Net income in the quarter ended Aug. 31 rose 15 percent to $645 million, or $1.36 a share, from $559 million, or $1.14, a year earlier, the Beaverton, Oregon-based company said yesterday in a statement. Earnings topped the $1.21 a share projected by analysts, the average of 18 estimates. Nike’s profit has surpassed analysts’ projections in 20 of the past 21 quarters.

Chief Executive Officer Mark Parker has been trying to overcome rising costs for raw materials and transporting goods by cutting operating expenses. Nike’s gross margin, the percentage of sales left after the cost of goods sold, narrowed by 2.7 percentage points, less than the company’s projection for a 3 percentage point decline.

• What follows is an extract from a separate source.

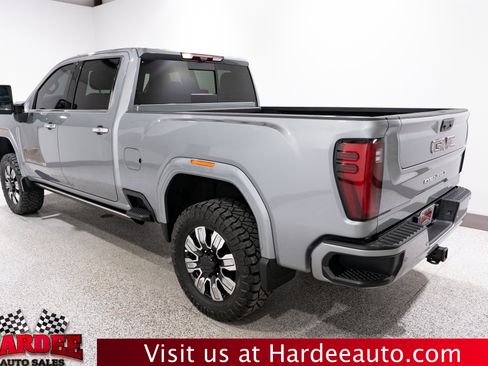 Used 2025 GMC Sierra 2500 Denali w/ Denali Reserve Package AWD/4WD image 3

“This is a fantastic quarter,” Camilo Lyon, an analyst for Canaccord Genuity Corp. in New York, said yesterday. “Nike understands how to reach the consumer with relevant product, and this is further evidence of that.”
Lyon has a “hold” rating on Nike shares.

Orders Rise
Revenue this fiscal year will increase in the low- to mid- teen percentage range, Chief Financial Officer Don Blair said yesterday on a conference call with analysts. The company forecast high-single to low-double digits in June.
Gross margin for the quarter fell less than forecast as Nike’s direct-to-consumer unit performed better than expected with same-store sales increasing 17 percent, Blair said on the call. Gross margins may narrow as much as 2 percentage points in the second quarter before improving in the second half of the fiscal year, he said.

Orders for the Nike brand scheduled for delivery from September to January increased 13 percent, excluding currency fluctuations, according to the statement. That topped the average of six analysts’ estimates compiled by Bloomberg for a gain of 9.8 percent.

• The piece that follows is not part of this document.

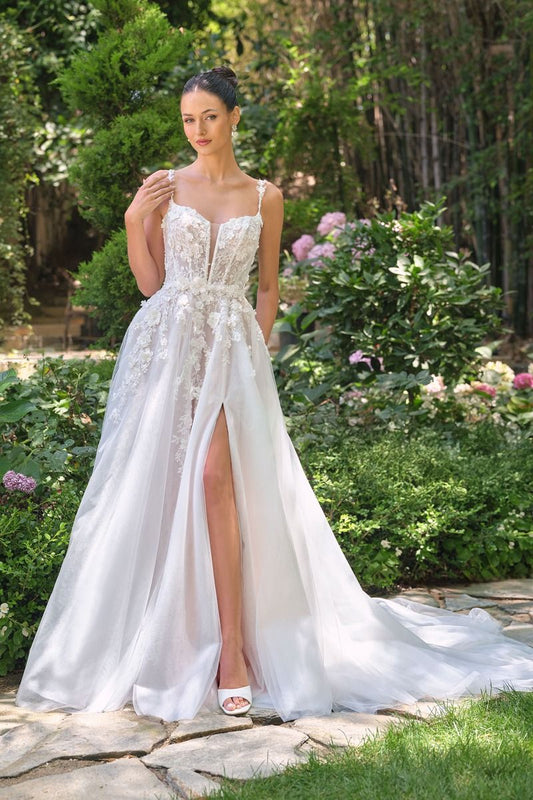 Vestido de novia de corte A presenta un escote ilusión pronunciado y delicados tirantes florales que enmarcan el corsé estructurado, falda de tul en capas que ofrece un movimiento elegante y una suave cola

First-quarter revenue rose 18 percent to $6.08 billion. Analysts projected $5.75 billion, the average of 16 estimates. Sales in North America advanced 16 percent to $2.2 billion. Revenue from Nike brand apparel also gained 16 percent to $1.59 billion, or 30 percent of the brand’s total sales.

“They are the 800-pound gorilla in athletic footwear, and if they can become that in apparel, that’s a significant market opportunity for them,” Matt Arnold, an analyst at Edward Jones & Co. in Des Peres, Missouri, said yesterday in a phone interview. Arnold recommends buying Nike shares.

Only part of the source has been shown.